## Goal of the exercise
Give again, exactly as written, each line of the material below starting at the line that contains "11月25日，列車通過麗香鐵路金沙江特大橋（無人機(jī)照片）。" and ending at the line that contains "Casa en venta". Both ends count, and no other line does.

## Supplied data

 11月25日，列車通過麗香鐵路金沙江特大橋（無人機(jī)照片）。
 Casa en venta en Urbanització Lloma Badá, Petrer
---
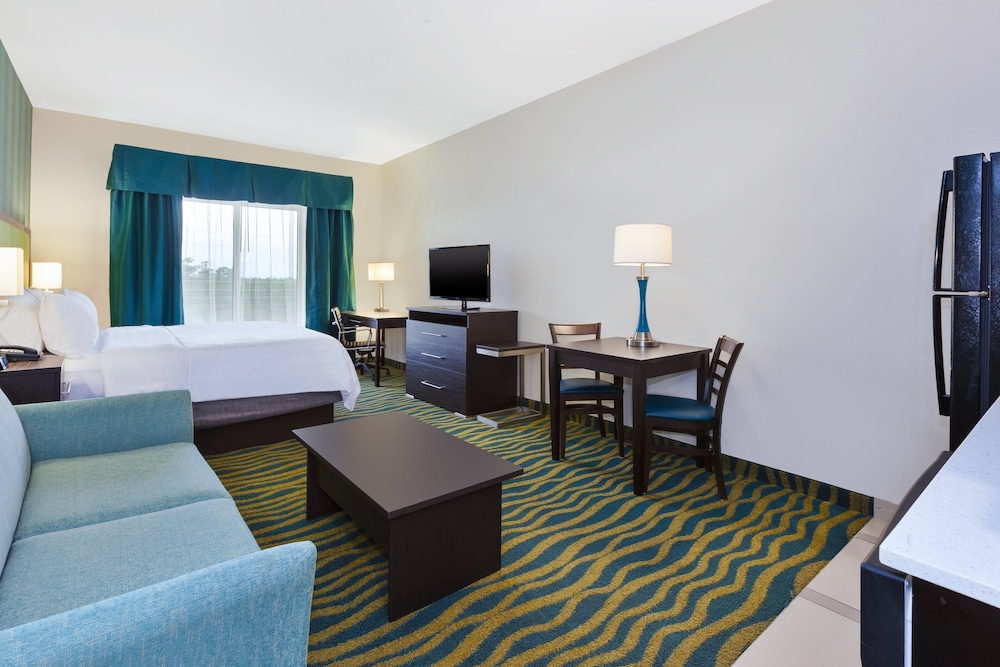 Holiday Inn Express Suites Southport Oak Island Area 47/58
* * *
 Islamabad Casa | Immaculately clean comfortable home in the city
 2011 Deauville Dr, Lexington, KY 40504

## Answer space
 11月25日，列車通過麗香鐵路金沙江特大橋（無人機(jī)照片）。
 Casa en venta en Urbanització Lloma Badá, Petrer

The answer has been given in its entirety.